Her housekeeper had dressed him in one of Harland’s starched and embroidered gowns, the collar of it stiff about his neck. The gash above his ear had been stitched and his long dark hair fell over the yellow ointment smeared across the wound. Nothing could hide the mark on his chin, though, a scar just under the side of his mouth and curling beneath his neck. A knife wound, Violet thought, that had been left untended till it festered for it was no cleanly healed injury at all. She wondered at the pain of such a wound.
He was hot. She could see this in the bloom of his skin and the stretched closeness of bone, the pulse in his throat skittering and thready.
‘Let him live,’ she pleaded to no one in particular, though she supposed it was to God that she made this entreaty. It had been a long time since she had prayed with any sincerity.
He was pale and the dark bruising of tiredness lay beneath closed eyes. His nails were short and well trimmed, the ring he wore brought into full relief by the light in the room. It was crested and fashioned out of a heavy gold, a row of small diamonds caught under an engraved coronet.
He had lost the top of the third finger on his right hand, a clean healed cut that spoke of intent and expertise, but a relatively old wound for the scarring was opaque and faded. A man with life drawn upon him like a story and tonight with more chapters adding to the tale. The bed barely contained his height, his knees bent so that his feet did not overlap the base board. The boots placed beside the bed were of the finest leather, the buckles heavy, well fashioned and expensive, the same coronet of the ring engraved in silver.
With a sigh she stood and turned to the window, looking out across the city and the tableau of fading lights.
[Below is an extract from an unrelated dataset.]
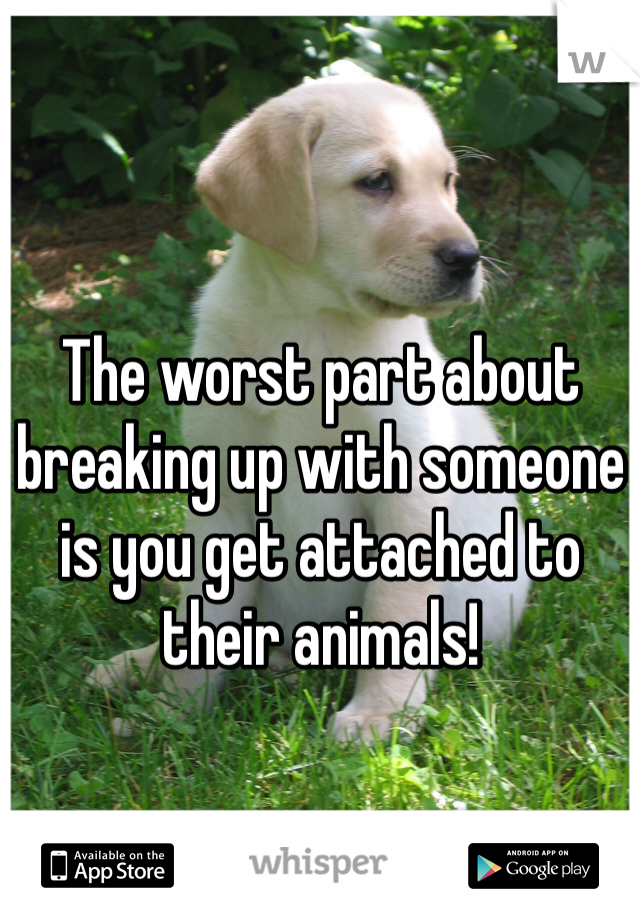 The worst part about breaking up with someone is you get attached to their animals!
London felt safe and busy. It felt peopled and close with the movement and the noise and the constant change of things to see. She had been here for twelve months now and had not once left the central district of the town. An ordered life with nothing surprising in it. Why had she then insisted that this dangerous golden-eyed stranger be brought home?
Taking up the book she had brought in with her, she sat again on the chair by the bed and began to read aloud. She’d heard somewhere that connections to the living world were advantageous to those knocking on the door of the next one, for it brought them back, guiding them.
Half an hour later when he spoke she almost jumped.
‘Where...am...I?’ His tongue wet the dryness of his lips, each word carefully enunciated.
‘In Chelsea at my town house. I am Violet, Lady Addington, sir, and we found you wounded on Brompton Place in the very early hours of this morning. When you were unable to give us your address we brought you here.’
‘We?’ The one word held a wealth of questions.
The quiet blush of blood ran across her cheeks. It was the curse of having such a fair skin and she gritted her teeth in fury. She had no need to explain any of her circumstances to him and she would not. Ignoring his query, she went on.
‘You have a substantial wound in the hairline above your right ear. It has bled profusely, though it has now been stitched. You also have a bullet hole in your left side which travelled through your arm to enter your ribcage. It has been removed, but the doctor who was summoned to tend to you is not certain of the effects it might engender. My housekeeper, however, insists she has seen others with your malady up and walking within a matter of days.’
In point of fact, Mrs Kennings had said a lot more than that about the patient, Violet thought, but was not about to repeat her servant’s fervent appreciation of the more favourable parts of his body.
‘Did anyone follow me here?’
The horror of such a question had her staring. ‘No. Did you expect them to?’
He turned his head away.
‘Where are my clothes?’
‘They were filthy, sir. We placed a nightgown upon you and tucked you into bed. There are garments you can wear in the drawer across the room when you recover. Your own clothes shall be returned to you on the morrow.’